Founding members, all free Black men, included Samuel Baston, Joseph Johnson, Cato Freedman, Caesar Cranchell, James Potter and William White. Notable members included African-American abolitionists such as Cyrus Bustill, James Forten, and William Gray.

Background 

The Free African Society (FAS) developed as part of the rise in civic organizing following American independence in the 1776 to 1783 Revolutionary War; it was the first black mutual aid society in Philadelphia. The city was a growing center of free blacks, attracted to its jobs and other opportunities.  By 1790, the city had 2,000 free black residents, a number that continued to increase.  In the first two decades after the war, inspired by revolutionary ideals, many slaveholders freed their slaves, especially in the Upper South.

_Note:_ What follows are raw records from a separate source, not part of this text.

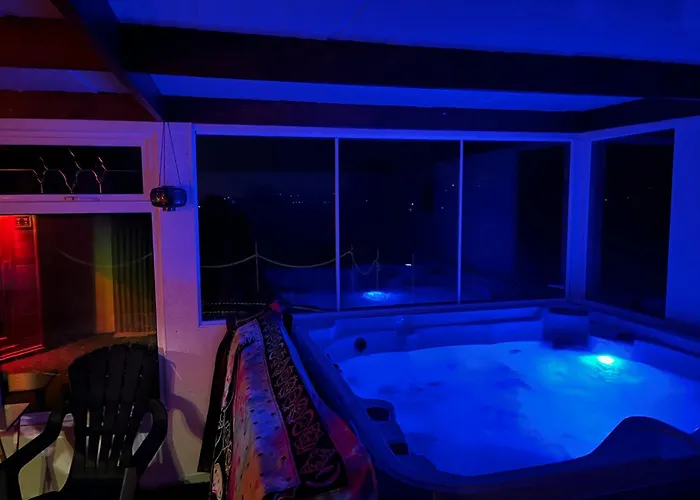 Donegal With Hot Tub Option Chalet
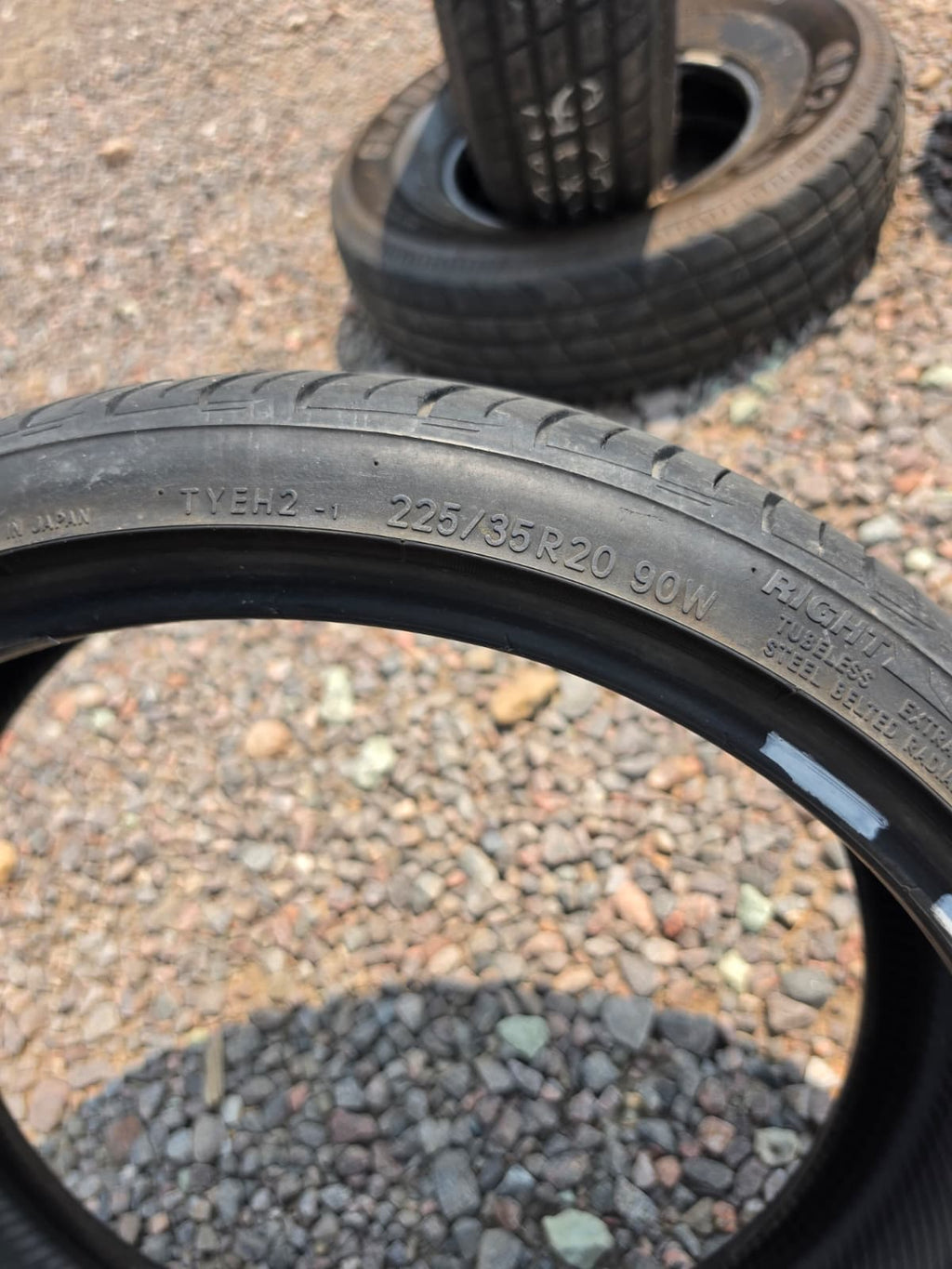 225/35R20 Single (1 Used Tire) Toyo Extensa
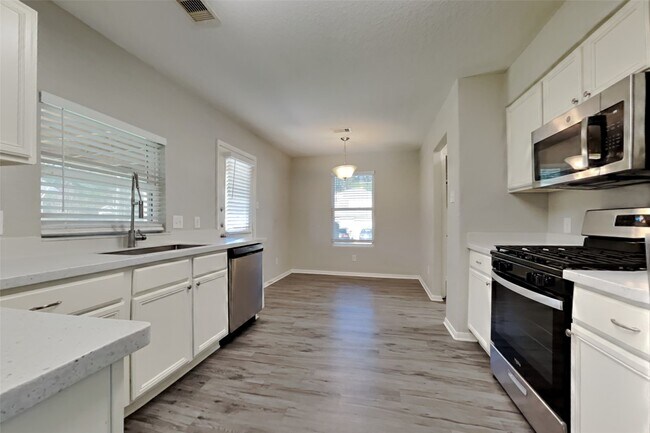 Foto del edificio - 16730 N Bob White Dr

Northern states largely abolished slavery. Numerous freedmen migrated to Philadelphia from rural areas of Pennsylvania and the South; it was a growing center of free black society.  In addition, their number 69 was increased by free people of color who were refugees from the Haitian Revolution in Saint-Domingue, as well as fugitive slaves escaping from the South.

Early years: 1797 to 1822 

The FAS was founded in the spring of 1787 in Philadelphia, shortly before the Constitutional Convention was held in the city.

Richard Allen, a Methodist preacher, and Absalom Jones rejected the second-class status blacks were forced into at their white-dominated Methodist church. As their numbers had increased, the church congregation had built a gallery where it asked them to sit separately from the white congregation.  The men and their supporters wanted to create an independent group to meet African-American needs.  They designed the Free African Society as a mutual aid society to help support widows and orphans, as well as the sick or unemployed.  They supported the education of children, or arranged apprenticeships if the children could not attend one of the free schools that were developed.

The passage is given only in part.